FX Trading – Physical vs. Paper: And the Winner Is …
Are gold coin sales a positive indicator for the US dollar?

The answer to that question would fall on whether or not an ongoing period of deleveraging and risk-aversion remains a positive driver for the buck. If so, then what’s shaping up in the market for physical gold will be US dollar-positive.

Quickly, investors are buying armfuls of gold coins and bullion. The driver for these purchases is said to be increased concern over the health of the global economy and world financial systems.

This is nothing new to us. We’ve been hearing from colleagues and various other sources how we seriously need to be buying gold coins. It seems their foremost point in discussing gold coin sales was to reveal the disconnect between prices for physical gold as it relates to “paper” gold (gold traded that doesn’t exchanged hands/prompt delivery) while supported though much of the last couple months, paper gold prices remain distinctly below physical gold prices.

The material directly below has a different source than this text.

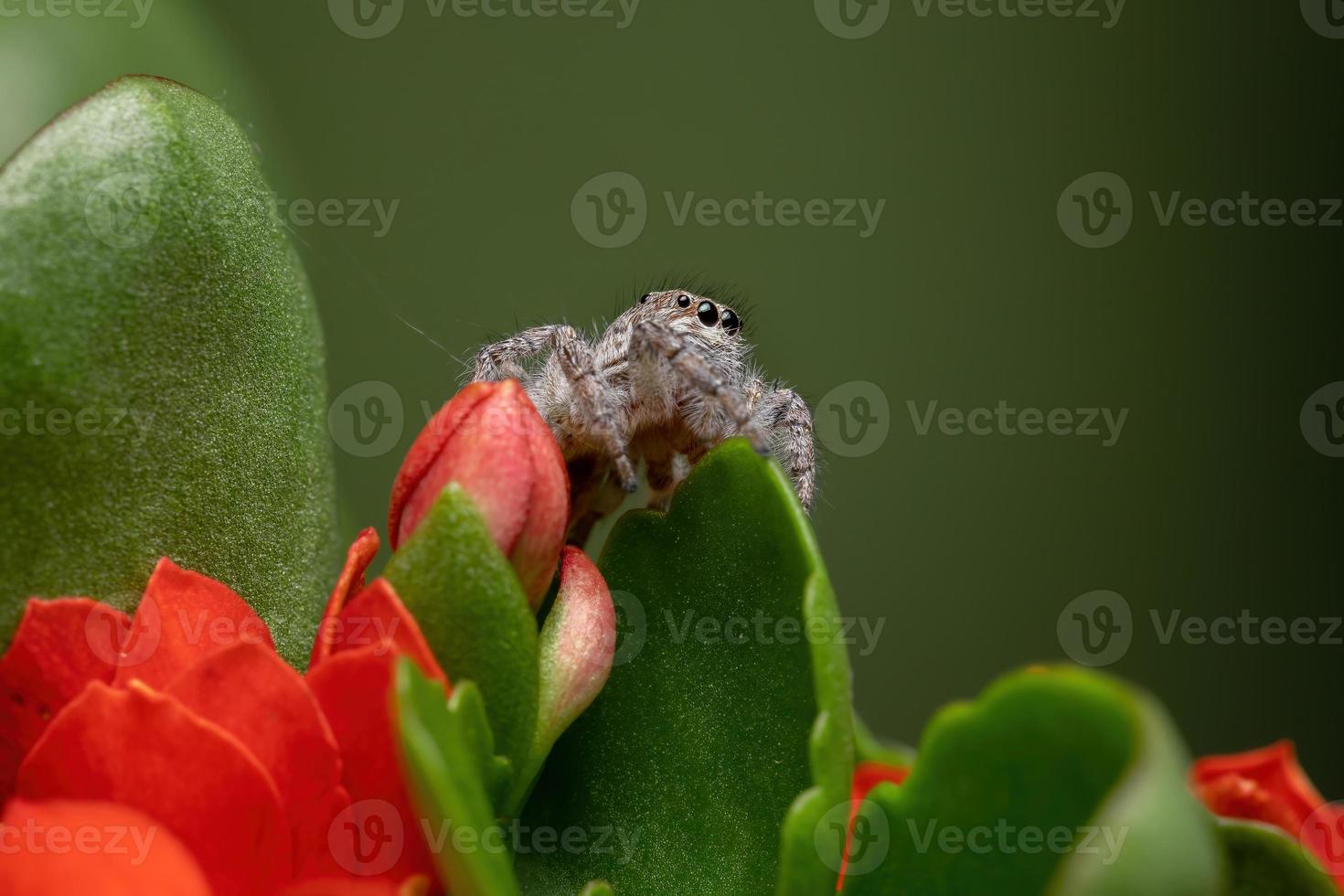 Adult jumping spider on a Flaming Katy Plant photo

This demand by investors seeking safety and stability highlights the global investing environment … but does it prove that the price of gold as we view it (electronically) must rise?

It was noted in the Financial Times article this morning that sparked our morning comments:

“Traders and analysts said jewellery demand, historically the backbone of gold consumption, had collapsed under the weight of the high prices. Sharp falls in demand in the key markets of India, Turkey and the Middle East have capped the potential of any price rally.”

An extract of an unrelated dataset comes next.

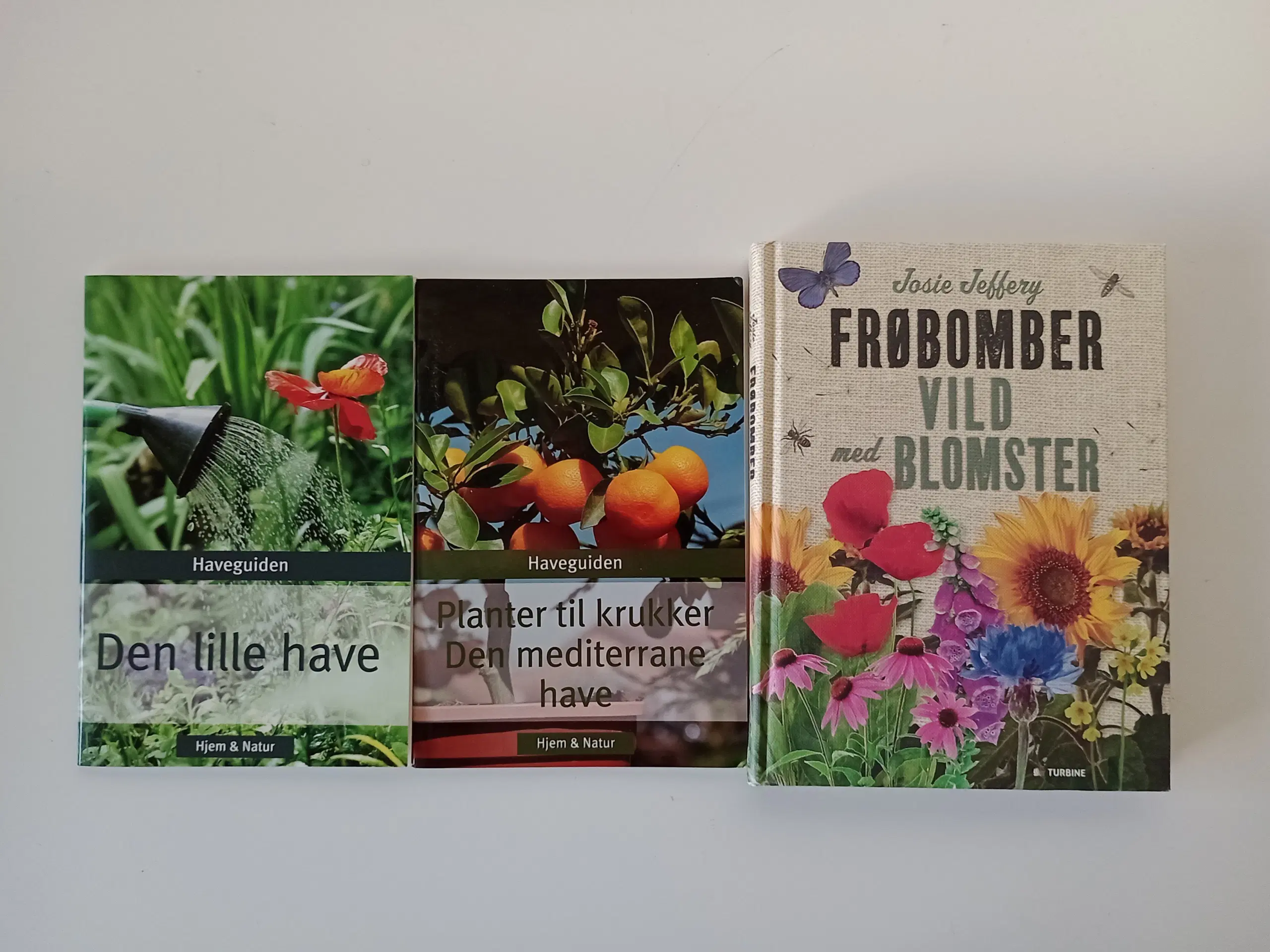 Frø + mediterrane krukker + lille have.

If that’s the case, then speculators may also be taking cues from China.

Besides showing very dramatic turnarounds in export and industrial production growth as 2008 came to an end, we got various other news items and clues that China will continue to slow along with the rest of the world. Though perhaps their downturn will be deeper than most market watchers think.

The inflation story – as evident by plunging consumer prices (30-month low) and producer prices — paints a fairly subdued picture for the once red-hot dragon. Will this impact the Chinese jewelry demand? And will speculators view China’s demand patterns as a proxy for global demand patterns? If so, there’s the potential the “paper” gold market doesn’t play catch-up to physical gold; there’s the potential that investors view gold from a perspective of a liquidity driven asset (rather than a safe-haven asset.)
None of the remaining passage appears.